What is being asked: I'd like an exact copy of every line from the start of the entries below through the line containing "在哪里可以借到钱急用钱借款软件有哪些？精选整理分享几个小额贷款", please.

Data entries:
◆ ◆ ◆ ◆ ◆ ◆ ◆

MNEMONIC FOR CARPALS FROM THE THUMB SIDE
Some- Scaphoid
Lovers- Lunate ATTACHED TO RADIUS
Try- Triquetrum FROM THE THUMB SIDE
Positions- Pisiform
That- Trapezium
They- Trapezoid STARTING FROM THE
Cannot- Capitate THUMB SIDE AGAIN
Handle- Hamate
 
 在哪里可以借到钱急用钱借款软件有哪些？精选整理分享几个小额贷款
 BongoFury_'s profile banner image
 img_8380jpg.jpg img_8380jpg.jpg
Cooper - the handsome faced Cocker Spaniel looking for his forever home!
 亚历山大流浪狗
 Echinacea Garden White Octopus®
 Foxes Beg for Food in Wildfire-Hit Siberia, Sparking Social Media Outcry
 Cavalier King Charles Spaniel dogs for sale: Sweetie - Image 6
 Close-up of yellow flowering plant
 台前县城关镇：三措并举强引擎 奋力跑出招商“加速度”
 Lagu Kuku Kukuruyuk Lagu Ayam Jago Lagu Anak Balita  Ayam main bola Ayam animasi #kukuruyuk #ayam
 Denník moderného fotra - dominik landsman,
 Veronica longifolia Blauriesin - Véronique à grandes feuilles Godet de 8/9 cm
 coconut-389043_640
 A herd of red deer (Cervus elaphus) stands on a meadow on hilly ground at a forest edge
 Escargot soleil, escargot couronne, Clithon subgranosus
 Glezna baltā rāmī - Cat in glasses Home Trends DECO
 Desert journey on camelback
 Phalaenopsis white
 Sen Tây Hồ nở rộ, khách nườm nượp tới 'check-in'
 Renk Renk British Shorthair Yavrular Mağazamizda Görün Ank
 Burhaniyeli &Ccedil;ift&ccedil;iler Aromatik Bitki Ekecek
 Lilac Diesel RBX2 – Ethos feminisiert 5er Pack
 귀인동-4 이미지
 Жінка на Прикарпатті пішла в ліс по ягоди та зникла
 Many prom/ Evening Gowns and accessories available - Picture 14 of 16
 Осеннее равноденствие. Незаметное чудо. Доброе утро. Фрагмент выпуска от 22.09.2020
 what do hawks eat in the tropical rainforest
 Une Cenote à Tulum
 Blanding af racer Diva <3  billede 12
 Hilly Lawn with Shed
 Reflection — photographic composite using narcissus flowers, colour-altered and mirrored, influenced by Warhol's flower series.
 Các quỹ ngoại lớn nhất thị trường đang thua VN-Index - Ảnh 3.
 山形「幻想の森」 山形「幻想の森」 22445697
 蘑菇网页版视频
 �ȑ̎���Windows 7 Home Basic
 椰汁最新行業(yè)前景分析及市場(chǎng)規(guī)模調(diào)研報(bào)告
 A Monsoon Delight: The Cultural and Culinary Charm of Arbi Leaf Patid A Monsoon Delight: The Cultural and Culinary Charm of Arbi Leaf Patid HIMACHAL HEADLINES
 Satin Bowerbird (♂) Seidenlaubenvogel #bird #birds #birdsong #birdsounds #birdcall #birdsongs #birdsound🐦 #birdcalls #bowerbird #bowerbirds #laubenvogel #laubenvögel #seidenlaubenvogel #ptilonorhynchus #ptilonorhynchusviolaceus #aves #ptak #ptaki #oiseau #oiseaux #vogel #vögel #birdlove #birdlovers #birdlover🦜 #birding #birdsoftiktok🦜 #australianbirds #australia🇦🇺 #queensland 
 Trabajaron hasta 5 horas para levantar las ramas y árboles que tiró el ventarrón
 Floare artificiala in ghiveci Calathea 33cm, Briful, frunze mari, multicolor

◆ ◆ ◆ ◆ ◆ ◆ ◆

Written response:
MNEMONIC FOR CARPALS FROM THE THUMB SIDE
Some- Scaphoid
Lovers- Lunate ATTACHED TO RADIUS
Try- Triquetrum FROM THE THUMB SIDE
Positions- Pisiform
That- Trapezium
They- Trapezoid STARTING FROM THE
Cannot- Capitate THUMB SIDE AGAIN
Handle- Hamate
 
 在哪里可以借到钱急用钱借款软件有哪些？精选整理分享几个小额贷款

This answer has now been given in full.